Thread: Is this safe?

  1. #16
    Just Lurking Dave_Sinkula's Avatar
    Join Date
    Oct 2002
    Posts
    5,005
    I think this is the point tmouse is trying to make.
    Code:
    #include <stdio.h>
    #include <ctype.h>
    
    int myisprint(int value)
    {
       if ( value < 0 )
       {
          puts("Bzzzt!"); /* potentially undefined behavior */
          return 0;
       }
       return isprint(value);
    }
    
    void foo(const char *text)
    {
       puts("foo");
       for ( ; *text; ++text )
       {
          myisprint(*text);
       }
    }
    
    void bar(const char *text)
    {
       puts("bar");
       for ( ; *text; ++text )
       {
          myisprint((unsigned char)*text);
       }
    }
    
    int main(void)
    {
       static const char text[] = "Ich möchte"; /* some text I googled */
       foo(text);
       bar(text);
       return 0;
    }
    
    /* my output
    foo
    Bzzzt!
    bar
    */
    7. It is easier to write an incorrect program than understand a correct one.
    40. There are two ways to write error-free programs; only the third one works.*

  2. #17
    S Sang-drax's Avatar
    Join Date
    May 2002
    Location
    Göteborg, Sweden
    Posts
    2,072
    Quzah, if char is signed by default, characters with a negative numerical value will yield undefined behaviour on Anonytmouse's implementation, even though those values are prefectly valid.
    Quote Originally Posted by Quzah
    Don't you just hate being wrong?
    Please.
    Last edited by Sang-drax : Tomorrow at 02:21 AM. Reason: Time travelling

  3. #18
    and the hat of int overfl Salem's Avatar
    Join Date
    Aug 2001
    Location
    The edge of the known universe
    Posts
    39,661
    > if char is signed by default
    It isn't - an unqualified char may be signed or unsigned.

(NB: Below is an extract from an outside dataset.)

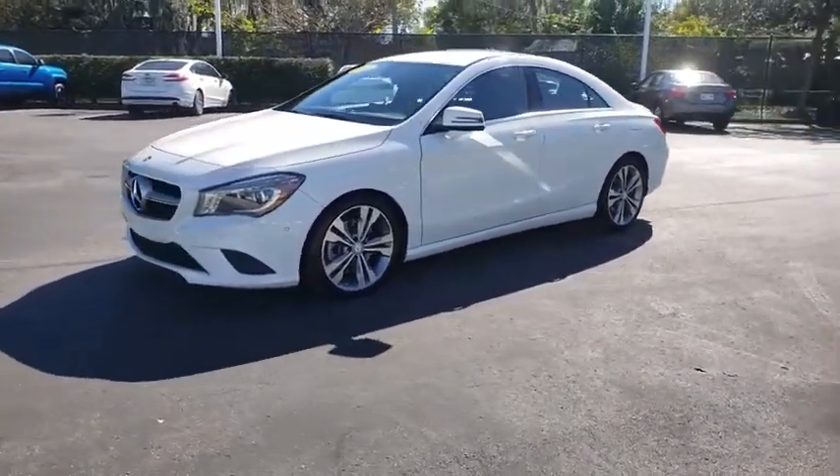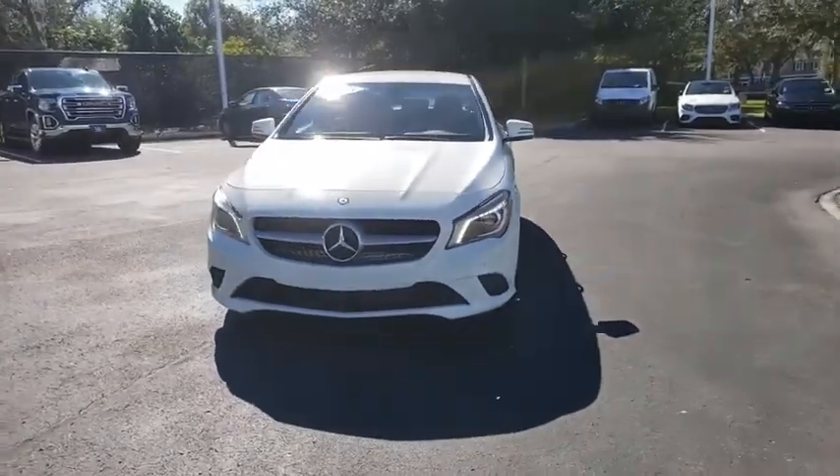This vehicle has less than 35,000 miles. Here are some of this vehicle's great options.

    gcc for example has -fsigned-char and -funsigned-char compilation options to fiddle things when code makes the wrong choices.
    If you dance barefoot on the broken glass of undefined behaviour, you've got to expect the occasional cut.
    If at first you don't succeed, try writing your phone number on the exam paper.

  4. #19
    ATH0 quzah's Avatar
    Join Date
    Oct 2001
    Posts
    14,826
    Quote Originally Posted by Sang-drax
    Quzah, if char is signed by default, characters with a negative numerical value will yield undefined behaviour on Anonytmouse's implementation, even though those values are prefectly valid.
    Please.
    Newsflash: EOF is negative! Now be a good little programmer and go read the EOF FAQ.

    Since I know it'll be too much work for you to go read yourself, I'll give you another version of the FAQ:

    C: A reference manual, 5th edition. Page 365.
    The value EOF is conventionally used as a value that signals end of file--that is, the
    exhaustion of input data. It has the value of -1 in most traditional implementations, but Stan-
    dard C requires only that it be a negative integral constant expression.
    So what part of negative and integeral are you two not understanding?

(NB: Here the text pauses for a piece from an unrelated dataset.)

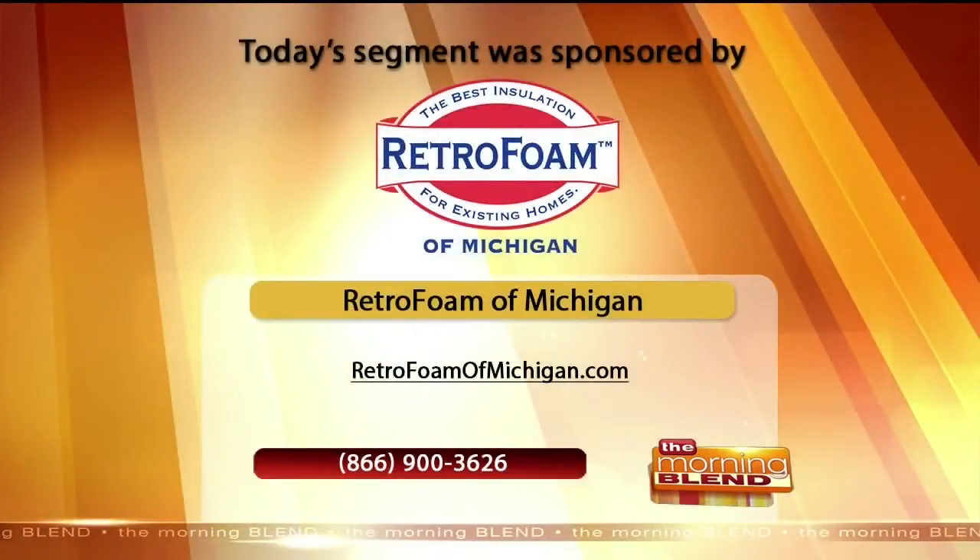Absolutely. Unfortunately, the bonus room is oftentimes neglected during construction — it can be left unsealed, uninsulated, unventilated. So this is a key area. If you're having comfort issues in there, you should have a competent contractor out to your home to assess what's already there and give recommendations on what needs to be added, whether it's HVAC, insulation, or all of those things.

    Don't you just hate being wrong?


    Quzah.
    Hope is the first step on the road to disappointment.

  5. #20
    Just Lurking Dave_Sinkula's Avatar
    Join Date
    Oct 2002
    Posts
    5,005
    EOF is an exception -- all other negative numbers passed to is* and to* will invoke undefined behavior.

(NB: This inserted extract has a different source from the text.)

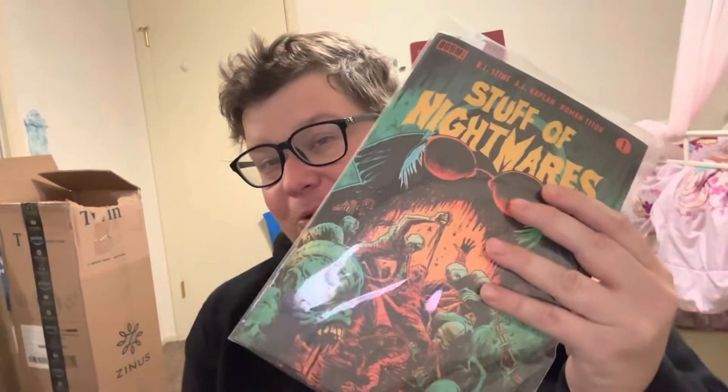Welcome back, this is Shero Terry, and that little noise in the background is my new hamster, Snowball. I gotta get her a new cage because it's a little too small. We're discussing R.L. Stein's Stuff of Nightmares.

    [edit]Read the Chris Torek post that tmouse posted earlier.
    7. It is easier to write an incorrect program than understand a correct one.
    40. There are two ways to write error-free programs; only the third one works.*

  6. #21
    ATH0 quzah's Avatar
    Join Date
    Oct 2001
    Posts
    14,826
    It's not an exception. It's a requirement. It is required by the standard to be supported. Now it's your turn to go read the EOF FAQ. Can no one here read any more? Come on Dave! You know better. Why is this wrong?
    Code:
    char c;
    
    while( (c = getchar()) != EOF )
        ...damn, too bad that's a char...
    It's wrong. You're wrong. They're wrong. Have a nice day.


    Quzah.
    Hope is the first step on the road to disappointment.

  7. #22
    Just Lurking Dave_Sinkula's Avatar
    Join Date
    Oct 2002
    Posts
    5,005
    7.4 Character handling <ctype.h>
    1 The header <ctype.h> declares several functions useful for classifying and mapping characters.166) In all cases the argument is an int, the value of which shall be representable as an unsigned char or shall equal the value of the macro EOF. If the argument has any other value, the behavior is undefined.
    So, how many unsigned chars have negative values?
    7. It is easier to write an incorrect program than understand a correct one.
    40. There are two ways to write error-free programs; only the third one works.*

  8. #23
    ATH0 quzah's Avatar
    Join Date
    Oct 2001
    Posts
    14,826
    So how many typecasts to a negative value, which just happens to be EOF still accurately represent EOF? Oh, and what is EOF again? That's right, any negative number, as defined by your compiler. Let me say that again, because you apparently can't grasp the concept:

    EOF can be any negative number.

    One more time, all together: "What happens when you typecast EOF to an unsigned char?"


    Quzah.
    Hope is the first step on the road to disappointment.

  9. #24
    Just Lurking Dave_Sinkula's Avatar
    Join Date
    Oct 2002
    Posts
    5,005
    Quote Originally Posted by quzah
    Let me say that again, because you apparently can't grasp the concept:

    EOF can be any negative number.
    It can be any one number -- it is not the same as all negative numbers.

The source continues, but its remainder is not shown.